For Stefan Zoltowski, now 84, seeing Warszawa 1935 rekindled memories he thought were long lost.
"It's impressive. I saw part of the street on which I spent my childhood," said the retired physician who grew up in the heart of Warsaw.
The Nazis razed the apartment building belonging to his family to the ground during the 1944 Warsaw Uprising.
More than 80 percent of Warsaw was destroyed by the Nazis, and more than 700,000 of its 1.3 million pre-war residents perished under German occupation from 1939 to 1945.
New landscape
Today, a shopping mall and the landmark Palace of Culture built by the Soviet Union just after the war stand on the streets where Zoltowski once played with childhood friends.
The 237-meter-high Palace of Culture is now flanked by parking lots, parks and skyscrapers, which have transformed the city center almost beyond recognition over the past two decades.
The new 3D film, which shows the city as it was before its destruction and subsequent revamps, fills a deep yearning for "the Warsaw we miss," said Ryszard Maczewski, head of the Warszawa1939.pl foundation working to document the capital's pre-war design.
Film producer, Ernest Rogalski, said at the film premiere: "No one has done this before. It's been quite a challenge."
The production team scoured the Internet and the national archives in search of photos and city plans that could serve as the basis for its virtual reconstruction.
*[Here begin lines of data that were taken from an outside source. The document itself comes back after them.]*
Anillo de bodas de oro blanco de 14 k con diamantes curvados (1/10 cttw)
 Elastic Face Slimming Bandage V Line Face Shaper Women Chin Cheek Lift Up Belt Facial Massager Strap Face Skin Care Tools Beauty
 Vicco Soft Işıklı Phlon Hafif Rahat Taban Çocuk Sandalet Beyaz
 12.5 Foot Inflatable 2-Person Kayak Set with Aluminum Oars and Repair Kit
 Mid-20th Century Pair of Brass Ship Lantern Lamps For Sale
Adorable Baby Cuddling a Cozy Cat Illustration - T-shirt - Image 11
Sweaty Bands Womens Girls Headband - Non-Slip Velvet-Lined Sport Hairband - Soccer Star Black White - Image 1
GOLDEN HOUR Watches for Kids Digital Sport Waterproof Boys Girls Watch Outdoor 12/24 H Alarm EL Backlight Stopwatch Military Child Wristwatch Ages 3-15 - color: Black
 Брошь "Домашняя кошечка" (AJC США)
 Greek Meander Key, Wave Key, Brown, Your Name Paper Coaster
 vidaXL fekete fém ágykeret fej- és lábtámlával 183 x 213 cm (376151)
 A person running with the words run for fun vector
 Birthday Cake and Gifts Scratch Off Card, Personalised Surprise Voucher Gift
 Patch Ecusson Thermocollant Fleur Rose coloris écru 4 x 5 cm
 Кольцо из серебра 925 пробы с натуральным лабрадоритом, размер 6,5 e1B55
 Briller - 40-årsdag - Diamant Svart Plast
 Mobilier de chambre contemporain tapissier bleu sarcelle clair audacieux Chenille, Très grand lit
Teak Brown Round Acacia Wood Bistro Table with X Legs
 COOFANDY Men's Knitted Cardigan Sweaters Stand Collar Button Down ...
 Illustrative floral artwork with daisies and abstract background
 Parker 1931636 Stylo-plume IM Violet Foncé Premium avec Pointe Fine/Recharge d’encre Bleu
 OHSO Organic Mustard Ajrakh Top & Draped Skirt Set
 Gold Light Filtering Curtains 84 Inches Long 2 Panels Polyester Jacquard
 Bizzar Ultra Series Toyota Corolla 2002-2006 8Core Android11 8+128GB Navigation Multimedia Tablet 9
As luck would have it, the national archives held detailed late 19th century plans made by celebrated British civil engineer William Lindley for the city's waterworks, which proved to be a treasure trove of information. His waterworks are still in use today.
"It's a map-making masterpiece," said Pawel Weszpinski, a cartographer with Poland's National Archives.
Only three European cities of the era - Warsaw, Frankfurt and Hamburg - were mapped at a scale of 1:200 with such intricate precision. Even trees in Warsaw were drawn to scale.
12 terabytes of data
Meanwhile, pre-war commercial registries gave clues about the location of shops and other businesses, allowing the moviemakers to put up advertising logos and company signs in just the right spots.
But getting all this information on the silver screen took a whopping 12 terabytes of digital imaging in what can only be described as a programming project of mammoth proportions.
"It took enormous computing capacity to render our three-dimensional images. We used servers at the Polish Institute for Nuclear Research and at a data center in China. In Europe, nobody wanted to help us, for fear of overloading their servers," said film director Tomasz Gomol.
Their digital city tour is quick, just 20 minutes, and does not allow the viewer to linger and admire its richness of detail.
"That inconvenience will change soon when the film comes out on DVD and Blu-ray," said Gomol as he revealed plans are afoot for a sequel digital journey into Warsaw's forgotten past.